Given material:
==*==

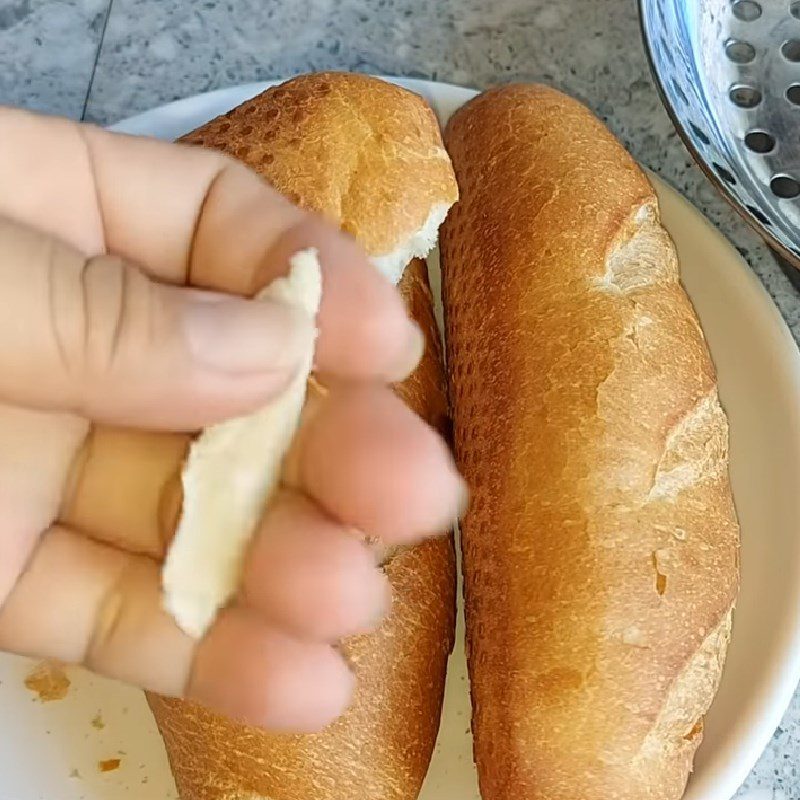 Step 1 Prepare the bread for salty fried vegetarian pork skin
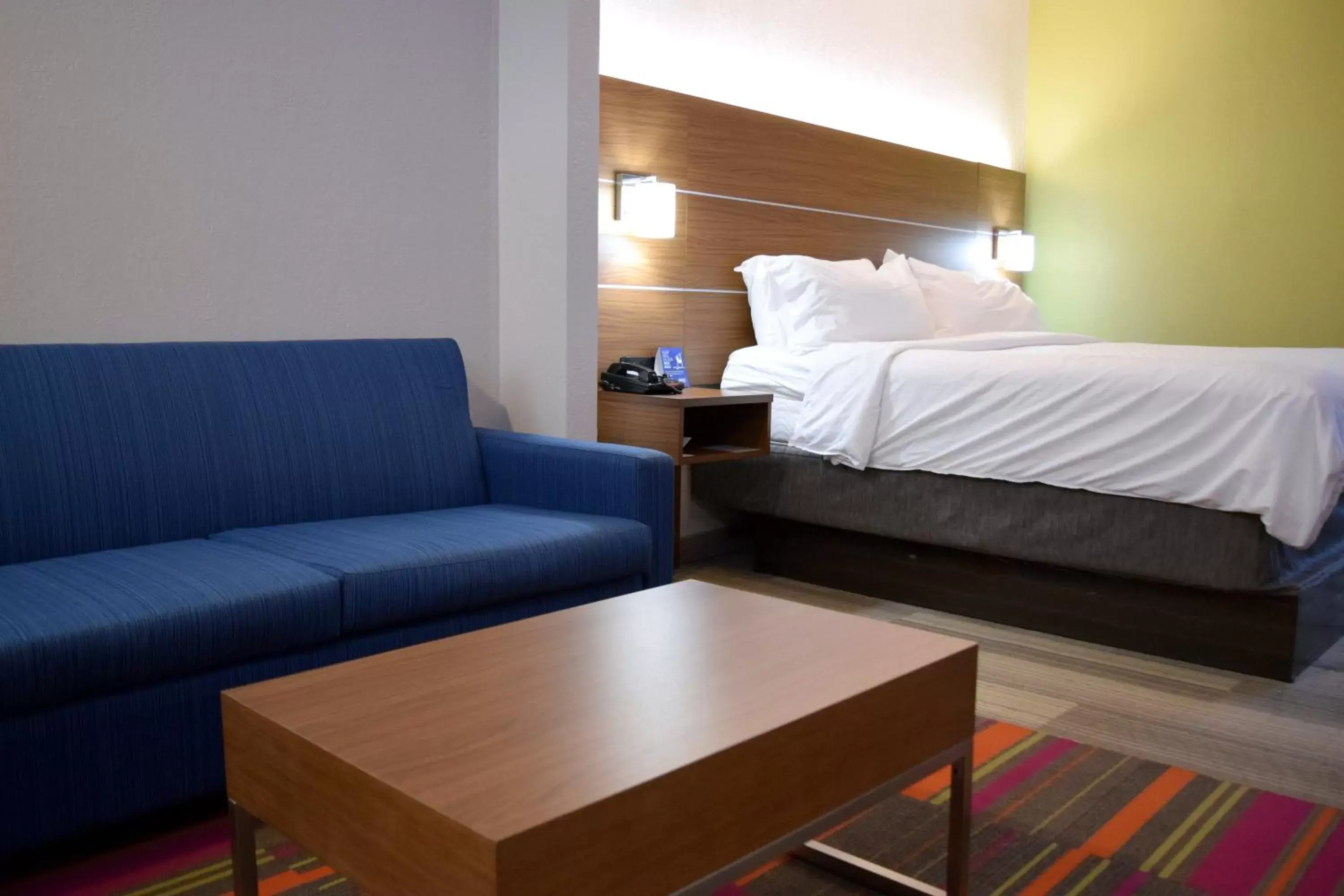 King Suite with Tub and Sofa Bed - Mobility Accessible in Holiday Inn Express & Suites Batesville by IHG King Suite with Tub and Sofa Bed - Mobility Accessible in Holiday Inn Express & Suites Batesville by IHG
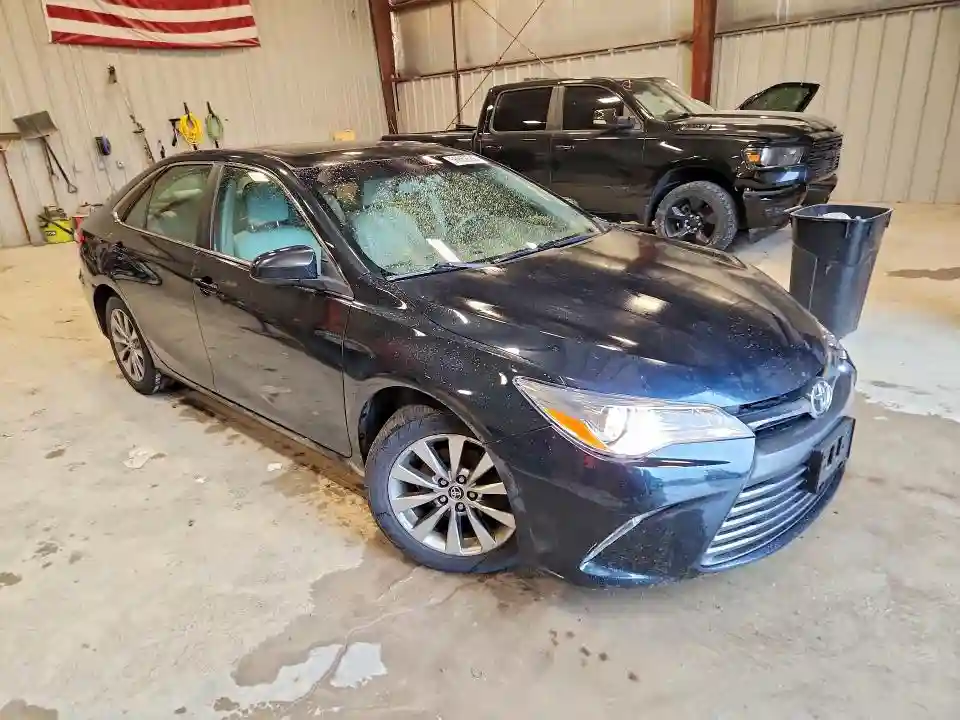 4T1BF1FKXFU979092 2015 TOYOTA CAMRY-3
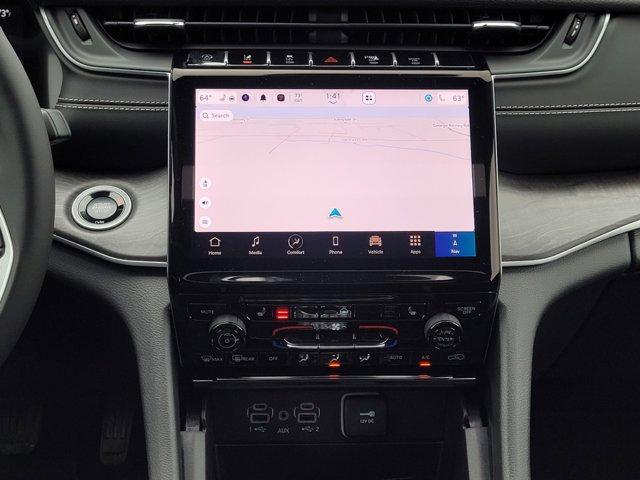 Photo of 2025 Diamond Black Jeep Grand Cherokee L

==*==

Work request: Once the images are set aside, retype all of the material above exactly.

Solution to the problem:
 Step 1 Prepare the bread for salty fried vegetarian pork skin
 King Suite with Tub and Sofa Bed - Mobility Accessible in Holiday Inn Express & Suites Batesville by IHG King Suite with Tub and Sofa Bed - Mobility Accessible in Holiday Inn Express & Suites Batesville by IHG
 4T1BF1FKXFU979092 2015 TOYOTA CAMRY-3
 Photo of 2025 Diamond Black Jeep Grand Cherokee L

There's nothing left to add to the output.